GPU OOMs

Question

GPU OOMs

Closed this issue 4 months ago · 3 comments

Training on ~600 images with 1080p images leads to OOM during training.
I reduced the last scale to be 2 instead of 1 during training to make it fit. This needs to be fixed.
However, after that I get OOM during the poisson meshing:

File "render.py", line 106, in render_sets
    render_set(dataset.model_path, True, "train", scene.loaded_iter, scene.getTrainCameras(scales[0]), gaussians, pipeline, background, write_image, poisson_depth)
  File "render.py", line 88, in render_set
    poisson_mesh(mesh_path, resampled[:, :3], resampled[:, 3:6], resampled[:, 6:], poisson_depth, 1 * 1e-4)
  File "./gaussian_surfels/utils/general_utils.py", line 234, in poisson_mesh
    nn_dist, nn_idx, _ = knn_points(torch.from_numpy(vert).to(torch.float32).cuda()[None], vtx.cuda()[None], K=4)
RuntimeError: CUDA out of memory. Tried to allocate 14.17 GiB (GPU 0; 44.38 GiB total capacity; 39.34 GiB already allocated; 1.34 GiB free; 41.92 GiB reserved in total by PyTorch) If reserved memory is >> allocated memory try setting max_split_size_mb to avoid fragmentation

Update:
Reducing the scale in the render script makes it work, still wondering how it is possible to reduce the usage.

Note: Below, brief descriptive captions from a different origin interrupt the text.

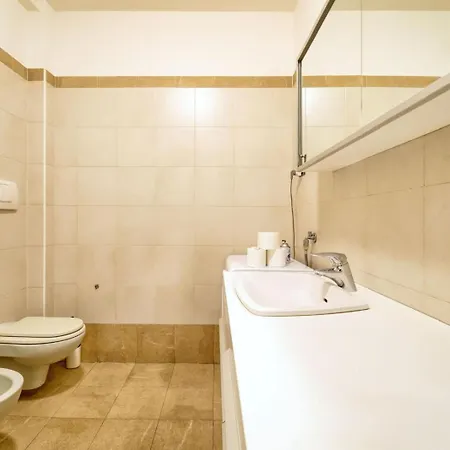 Romantic Getaway On Como! Private Box, Wifi 아파트 코모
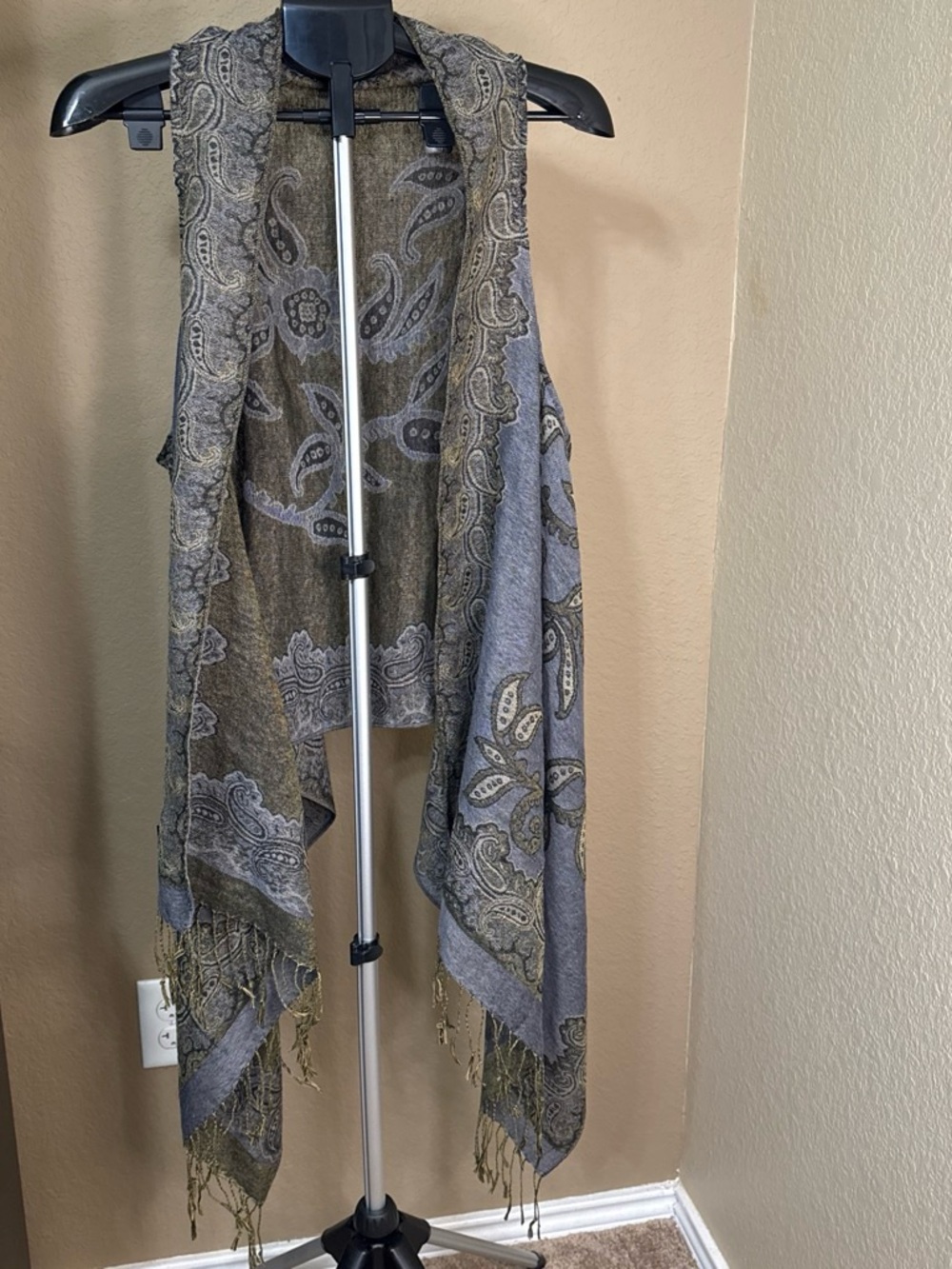 100% Pashmina Knit Vest – Soft Luxury Layer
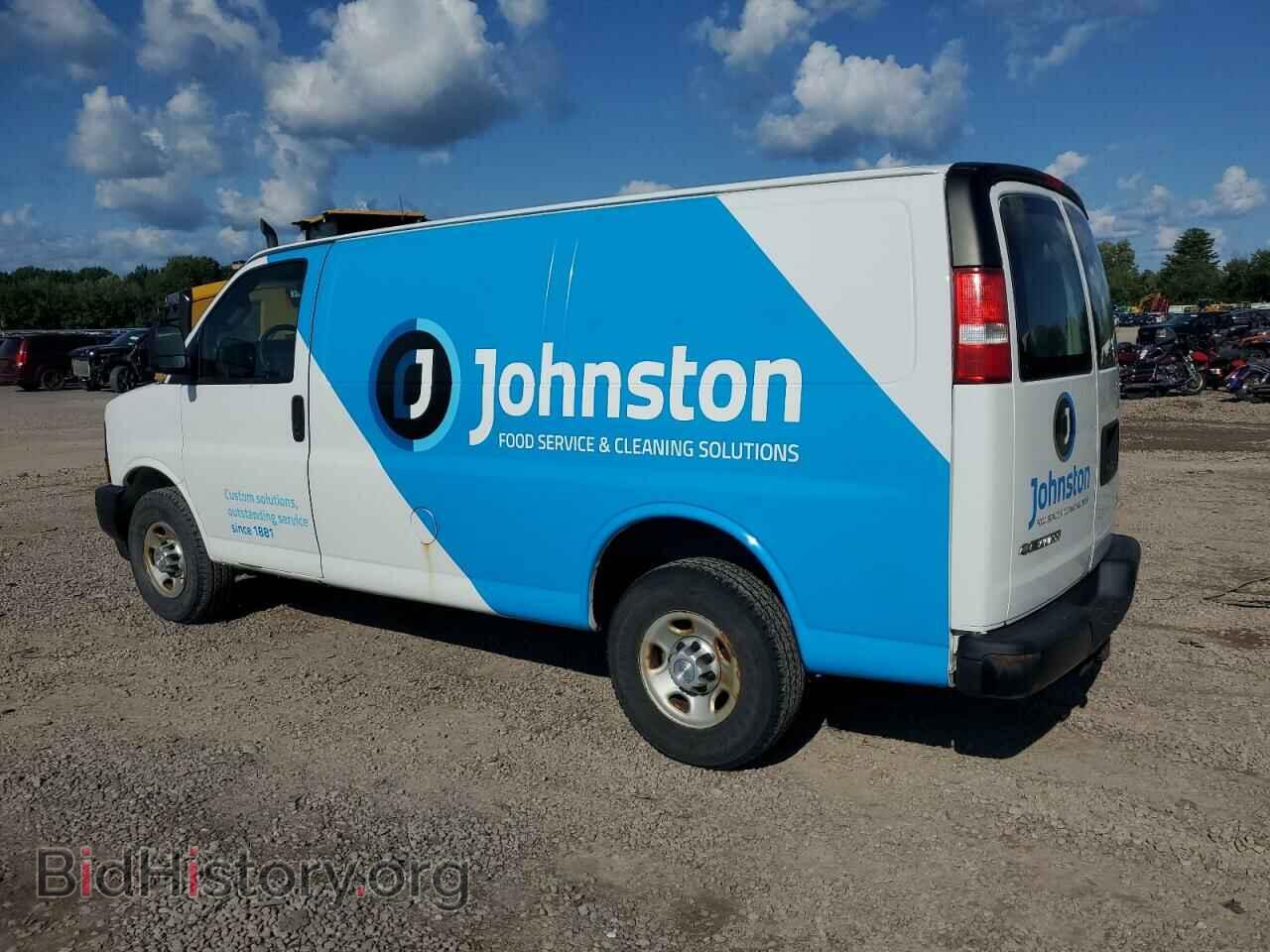 2017 CHEVROLET EXPRESS - VIN: 1GCWGAFF9H1105830 - Фото 2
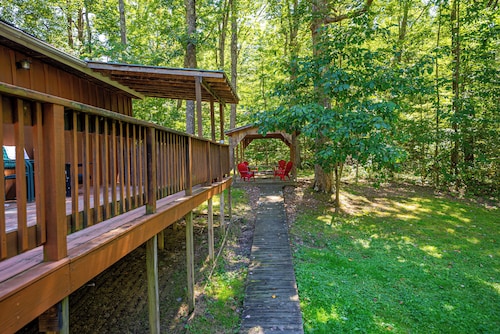 Mountaineer Cabin 5 - 3 Bdrm with Hot Tub close to New River Gorge National Park
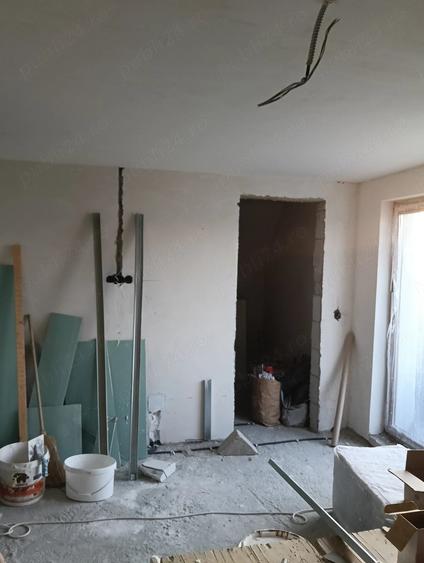 Casă cu Teren 1400 Mp în Luna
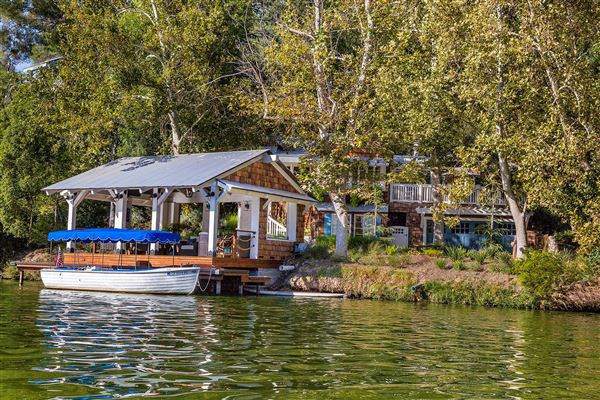 Rustic Lakefront House & Dock in Mountain Area (9/28/2017)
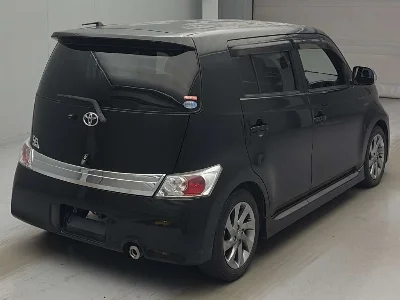 TOYOTA BB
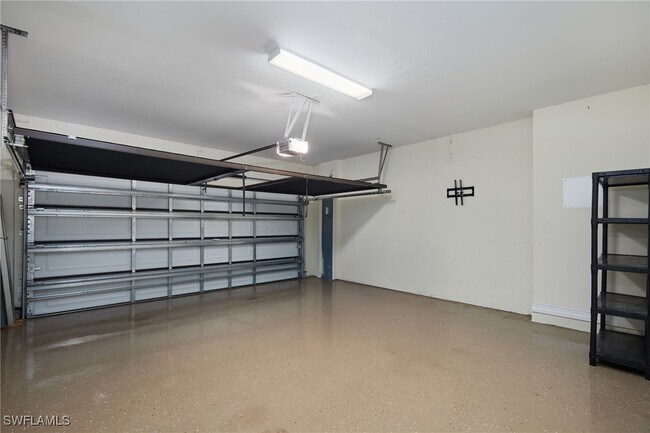 Building Photo - 15820 Portofino Springs Blvd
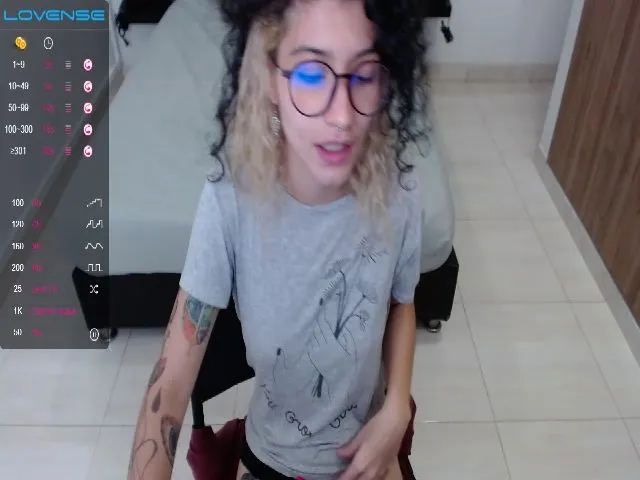 Live sex webcam photo for Myzore #265350484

A side note: It would be great if you could share the differences against the original GS repo.

Answer 1 · 2024-05-28T04:44:58.000Z

hi, this OOM seems happen in the knn_points() function when applying Poisson meshing. Due to 600 images are used, the number resampled points for surface reconstruction will be very huge. The possible solution is to neglect some of the views when resample points by skipping this line for some (e.g. 2/3) of the views.

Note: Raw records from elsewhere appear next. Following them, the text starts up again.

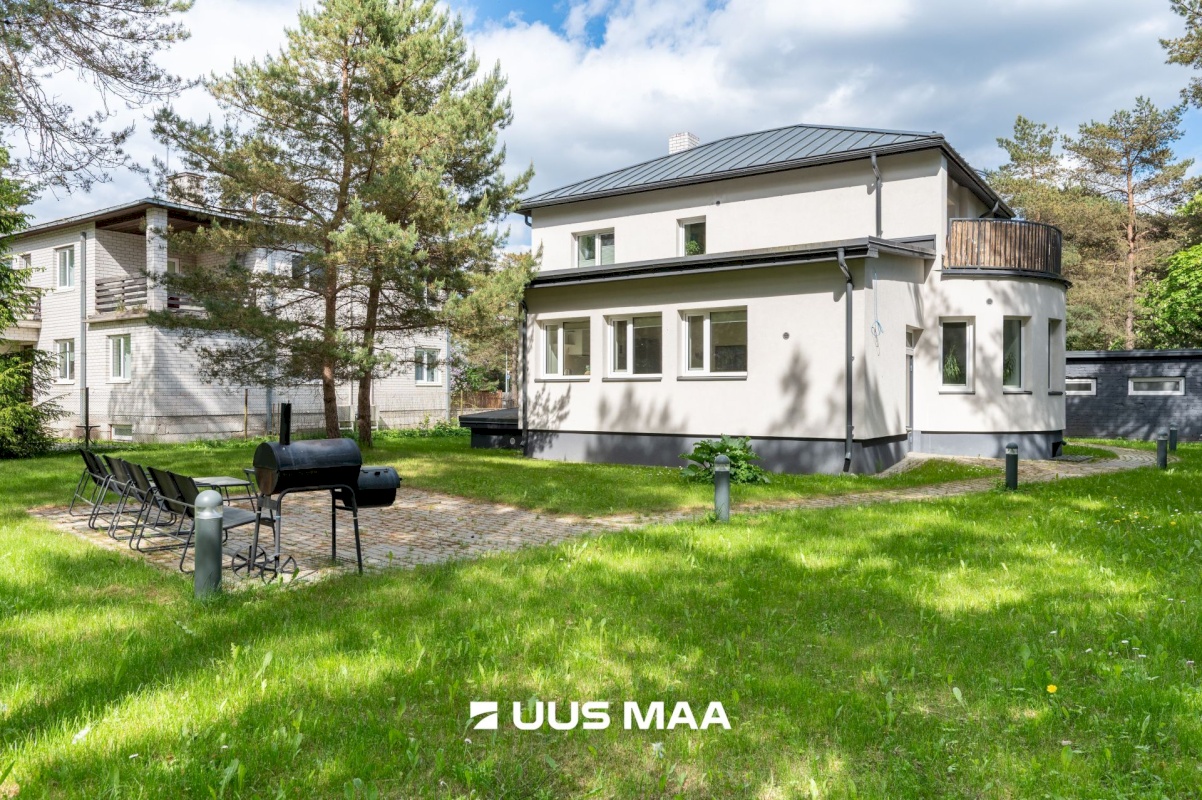 Tallinn, Nõmme linnaosa, Pääsküla, Pärnu mnt 524b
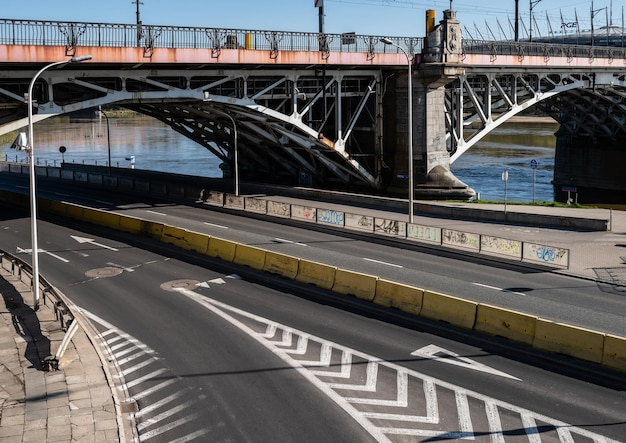 Puente Poniatowski en la ciudad El camino pasa por debajo del arco del puente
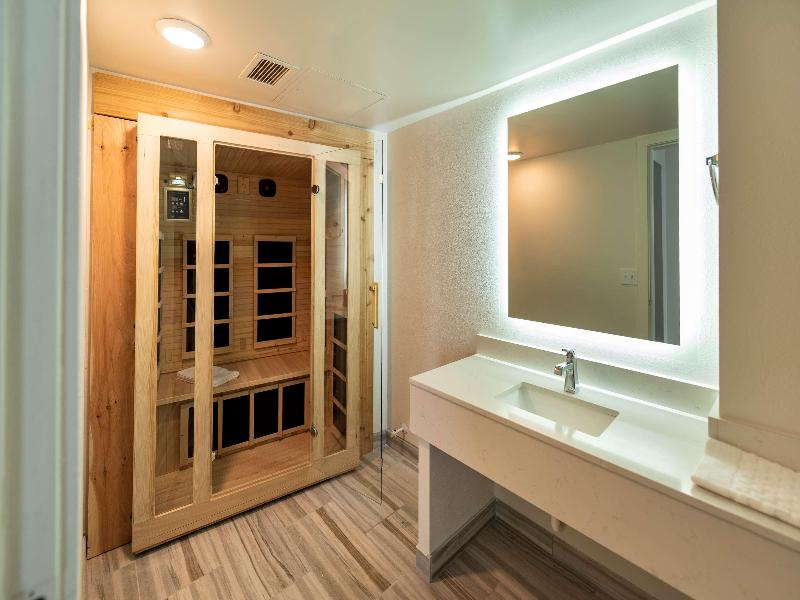 Best Western Plus Wausau Tower Inn image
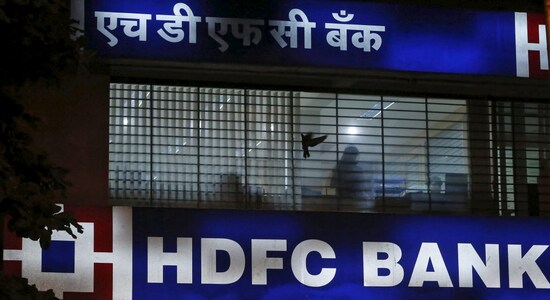 HDFC Bank shares slip over 2% as lender probes auto loan practices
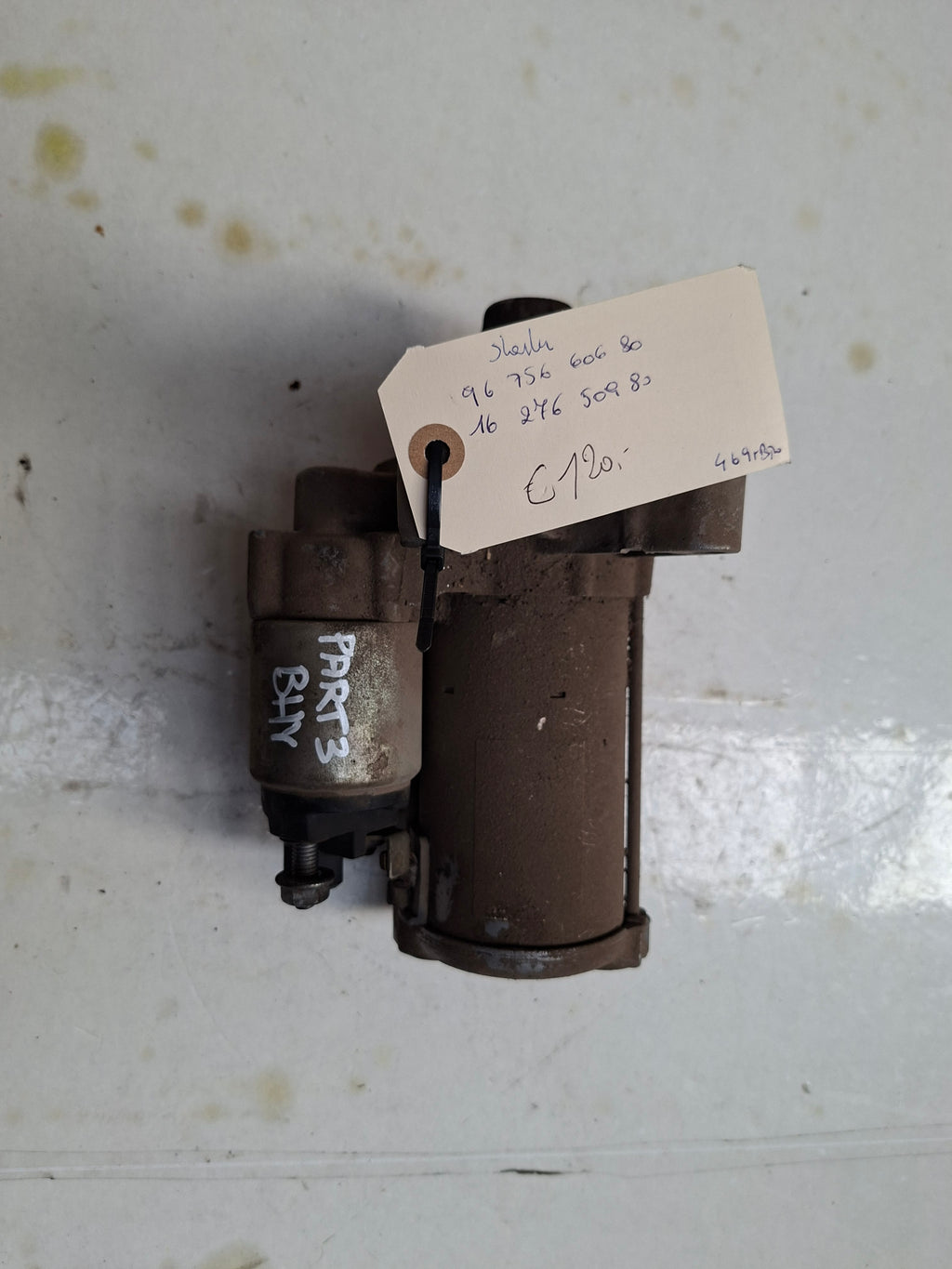 Originele starter van een Peugeot Partner B9 (OEM 96 756 606 80 / 16 276 509 80), bouwjaar 2018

I am sorry that this method was originally developed for small scale object reconstruction. Im afraid that high memory consumption when scaling up the training setting is indeed a problem of it.

Answer 2 · 2024-05-29T05:24:07.000Z

@turandai Thanks a lot for responding.
Can you please share the key changes that you made w.r.t. the 3DGS repository? There might be other optimized codebases where this might be useful.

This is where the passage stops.